On our southbound journey, we returned to Oyster Bay Marina, now with 463 hours on the engine and having covered 2,181 nautical miles. We were eager to hear the Purple Martins again, but like us, they had already begun their migration south to the tropical climates of South America. Their absence was felt, but it also reminded us of the cyclical nature of life and travel.

Ladysmith itself is a quaint town with a rich history. Founded in 1904 by coal baron James Dunsmuir, it was named in honor of the end of the siege of Ladysmith, South Africa, during the Boer War. With a population of around 9,000, Ladysmith has evolved from its logging roots, although the industry remains significant with Western Forest Products Sawmills being a major employer.

Tourism is also a major industry in Ladysmith, and it’s easy to see why. We enjoyed the town parks, the flowers, and the friendly small-town atmosphere.

Anchor Winch from a 142 foot ocean going tug built in 1940 named Rivtow.

Nanaimo to Ladysmith

September 3, 2024

We spent a delightful Labor Day weekend at Mark Bay, a picturesque and well-sheltered anchorage in Saysutshun Provincial Park. Our days were filled with sunshine, hiking through the park, and mingling with fellow boaters. The insights we’ve gained from seasoned boaters, who have navigated these waters for years, have been invaluable. This knowledge has not only enriched this trip but will also be beneficial as we plan for Summer 2025.

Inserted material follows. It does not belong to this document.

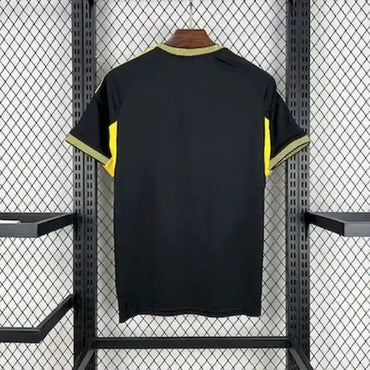 Maillot Édition Spéciale Real Madrid 2025/26 – Noir & Jaune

Today, we journeyed from Mark Bay to Ladysmith, BC, passing through Dodd Narrows. This was the final “gate” we needed to navigate for this trip. We timed our passage with the current, entering the narrows just before slack current, ensuring a smooth crossing.

Sunrise Over Saysutshun Provincial Park

According to their website it has been Vancouver Island’s favorite rustic retreat since 1939. 

One of about thirty cargo vessels waiting to be loaded.